(Beginning of INPUT RECORDS)

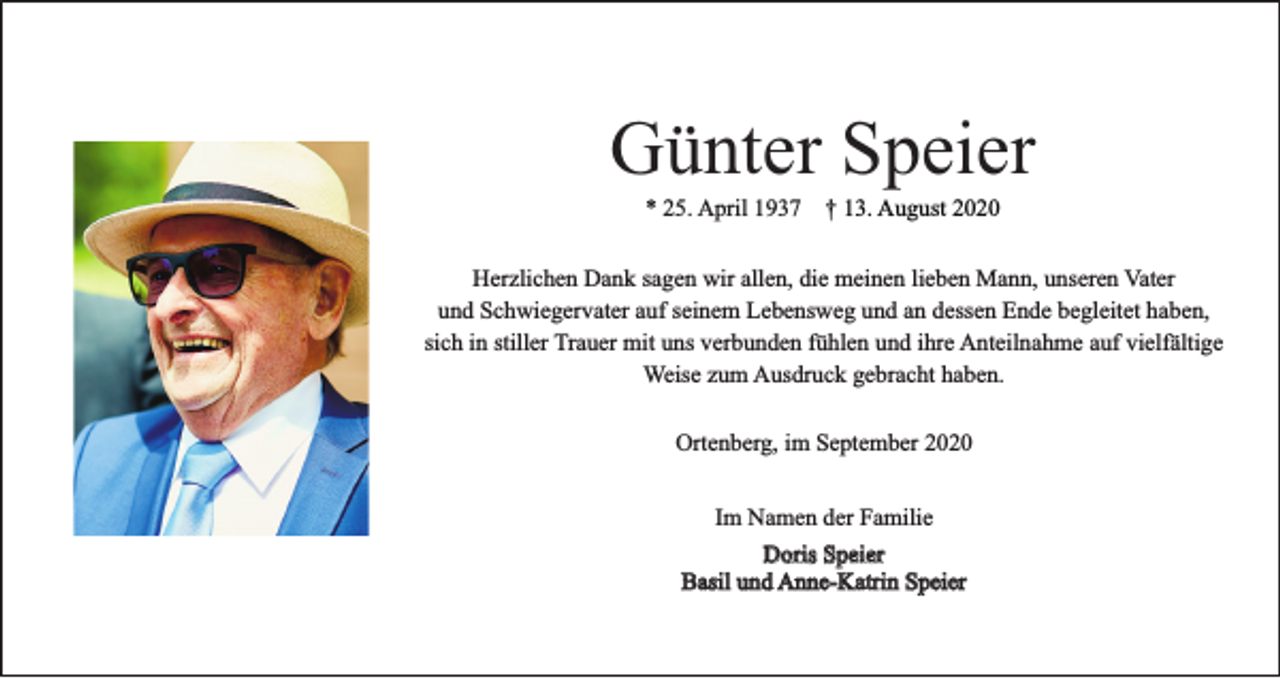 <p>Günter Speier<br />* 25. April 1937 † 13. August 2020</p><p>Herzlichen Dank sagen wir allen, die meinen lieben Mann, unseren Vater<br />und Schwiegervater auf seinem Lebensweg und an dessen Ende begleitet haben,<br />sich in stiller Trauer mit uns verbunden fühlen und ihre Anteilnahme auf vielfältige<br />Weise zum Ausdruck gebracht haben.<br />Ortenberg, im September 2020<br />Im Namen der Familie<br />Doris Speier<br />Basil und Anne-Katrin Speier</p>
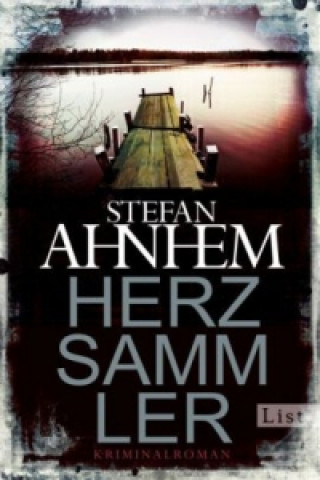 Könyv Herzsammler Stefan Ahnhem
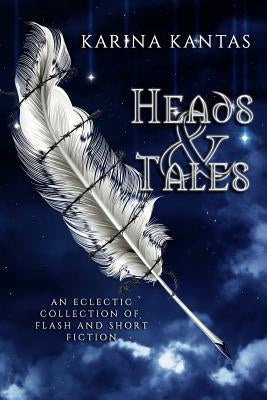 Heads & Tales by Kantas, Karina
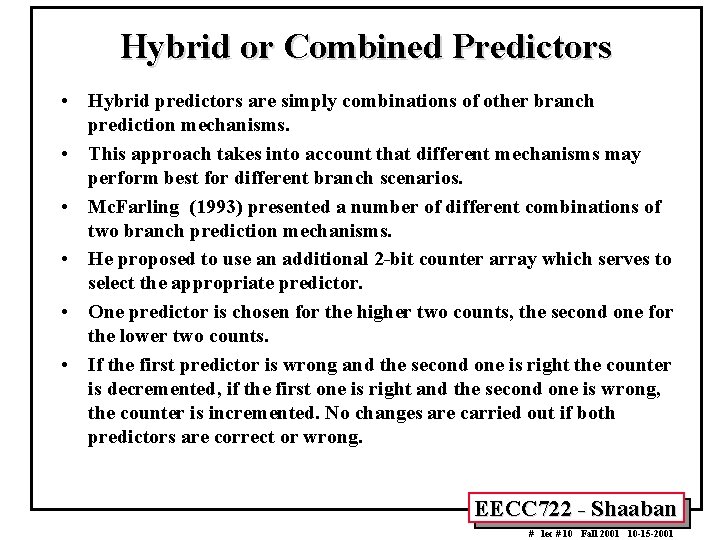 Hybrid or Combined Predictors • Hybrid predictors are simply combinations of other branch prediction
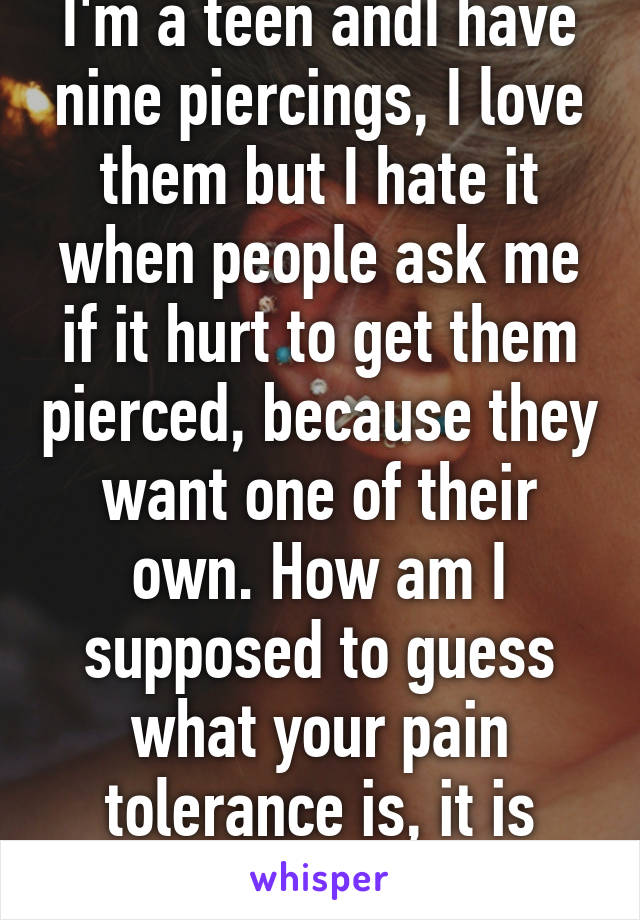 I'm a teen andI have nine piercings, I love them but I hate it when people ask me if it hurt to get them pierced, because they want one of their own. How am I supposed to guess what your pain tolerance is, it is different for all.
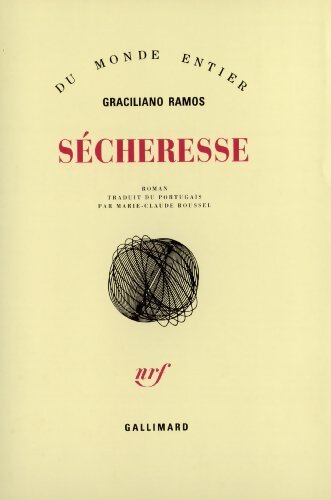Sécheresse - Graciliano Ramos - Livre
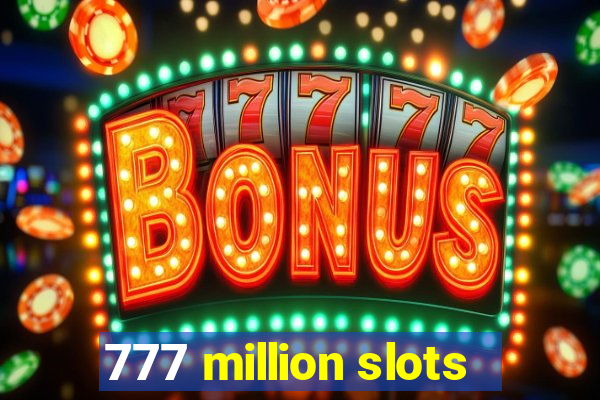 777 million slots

(End of INPUT RECORDS)

◆ WHAT THIS TASK INVOLVES: Copy each line of the records above exactly as written. Do not carry over any picture.

◆ OUTPUT BELOW:
 <p>Günter Speier<br />* 25. April 1937 † 13. August 2020</p><p>Herzlichen Dank sagen wir allen, die meinen lieben Mann, unseren Vater<br />und Schwiegervater auf seinem Lebensweg und an dessen Ende begleitet haben,<br />sich in stiller Trauer mit uns verbunden fühlen und ihre Anteilnahme auf vielfältige<br />Weise zum Ausdruck gebracht haben.<br />Ortenberg, im September 2020<br />Im Namen der Familie<br />Doris Speier<br />Basil und Anne-Katrin Speier</p>
 Könyv Herzsammler Stefan Ahnhem
 Heads & Tales by Kantas, Karina
 Hybrid or Combined Predictors • Hybrid predictors are simply combinations of other branch prediction
 I'm a teen andI have nine piercings, I love them but I hate it when people ask me if it hurt to get them pierced, because they want one of their own. How am I supposed to guess what your pain tolerance is, it is different for all.
Sécheresse - Graciliano Ramos - Livre
 777 million slots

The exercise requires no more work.